As such, it’s difficult to justify leaving PSTN-related activity out of, say, your core network regression tests, since PSTN-related issues could adversely affect subscribers. At the same time, if you’re testing network functionality by hand, the ever-growing number of complex use cases requiring verification makes it seem like you have to triage use cases and toss out the ones that aren’t the most high profile.
Luckily, settling for low test coverage isn’t your only option: you can also opt for automation.
How PSTN Testing Works
In an automated testing environment, testers can easily run through hundreds of use cases per day with a high degree of confidence in the test results.

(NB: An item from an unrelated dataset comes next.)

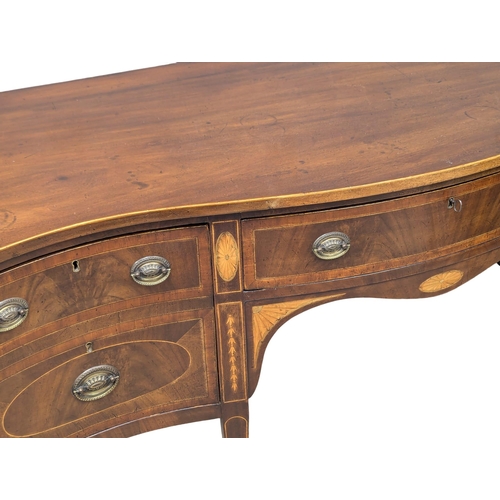 1083 - A Late 18th Century, George III, inlaid mahogany sideboard in the Sheraton style on square tapering ...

Since the tests themselves are carried out via tests scripts, they’re not prone to the kinds of deviations and errors that human testers inevitably introduce into the process.
Automation of PSTN / ISDN-related test cases requires specific hardware (PSTN / ISDN cards or modems). Once these are orchestrated within your existing test framework, you can run tests on and with them by using defined keywords in the test case scripting language. This puts you in a position to quickly and easily verify a handful of use cases:
- Call handling: This can include dialing and calling, answering and rejecting calls, caller verification, call status verification and many more.

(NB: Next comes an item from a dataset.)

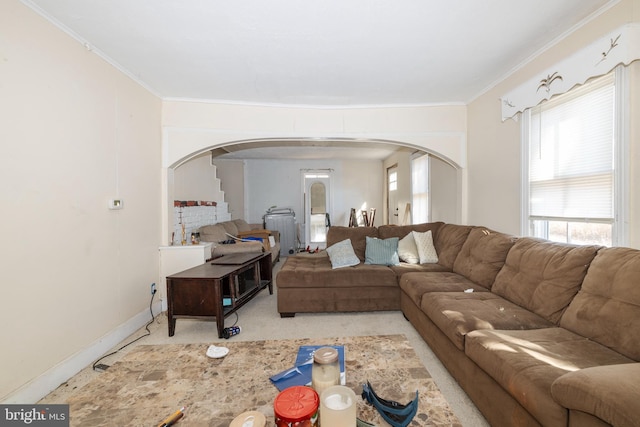 carpeted living area with arched walkways, baseboards, and ornamental molding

- DTMF: You can verify whether you’re successfully sending dual-tone multi-frequency (DTMF) signals, as well as verifying that those tones are sending the correct information through the network.
- Circuit switched data: This can help you verify that analog data is being encoded and transmitted correctly end-to-end.

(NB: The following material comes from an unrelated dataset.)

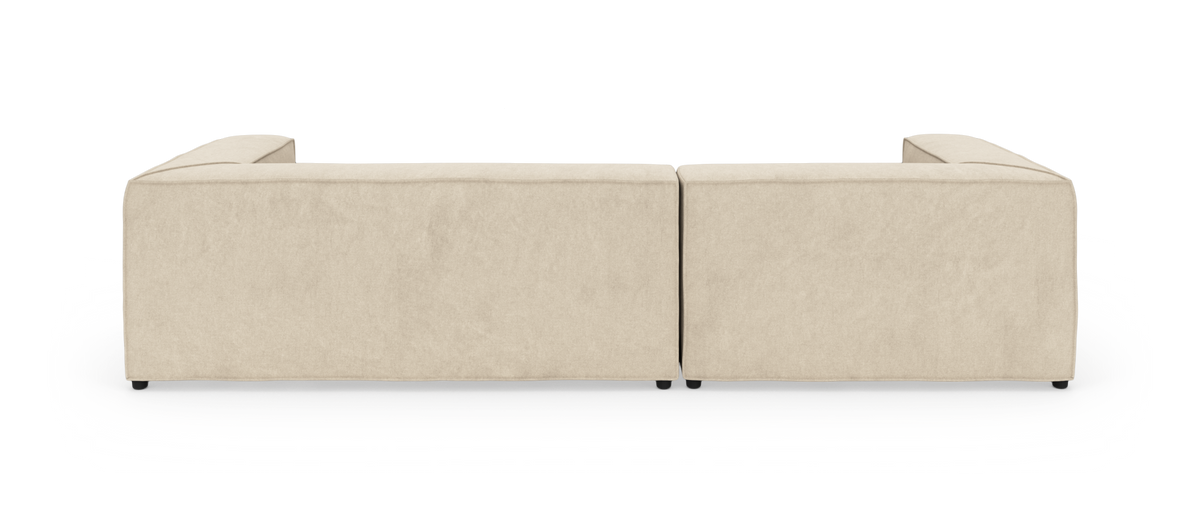 Beige modulsofa set bagfra på hvid baggrund.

- Call recording: There are a number of potential quality-control scenarios where this might apply, such as automatic network announcements.
Again, in an automated testing environment, it’s easy to break down each of these use cases into individual steps for verification, and then bundle all of the use cases together into test suites that can be run at the drop of a hat. Where previously, you were deciding whether this functionality was high priority enough to be included in your standard suite of regression tests, now the extra test volume barely makes a dent in your overall test time.
How PSTN Automation Impacts Customer Satisfaction
Now that we’ve seen how you might go about automating PSTN-related use cases, let’s dig a little deeper into the impact this kind of automation can have on your customers and their satisfaction rates.
Let’s say you’re selling an enterprise client a VoIP subscription for the entire office. One day, you make a handful of updates to your VoIP network, and it’s up to your testers to make sure that no adverse impacts make their way to the users. If you’re struggling to keep pace with increasing test volumes, you might easy let DTMF testing fall by the wayside, only to find that the most recent network changes impacted that functionality, such that the wrong tones would be sent while dialing a call.
If this slipped past the test bench, you’d most likely find out from subscriber complaints. Of course, you’d then work to resolve the situation as quickly as possible. But it might be too late—some of your users might be ready to take their business elsewhere, especially because to them, this seems like very basic functionality. This would have a direct, adverse impact to your bottom line, not to mention your reputation.
PSTN connections are here to stay, at least for a while. Luckily, in an automated environment, there’s no need to skimp on testing use cases like these. If a network update is going to cause issues for PSTN-related functionality, you’ll be able to identify the problem and make the necessary fixes long before the update reaches your subscribers.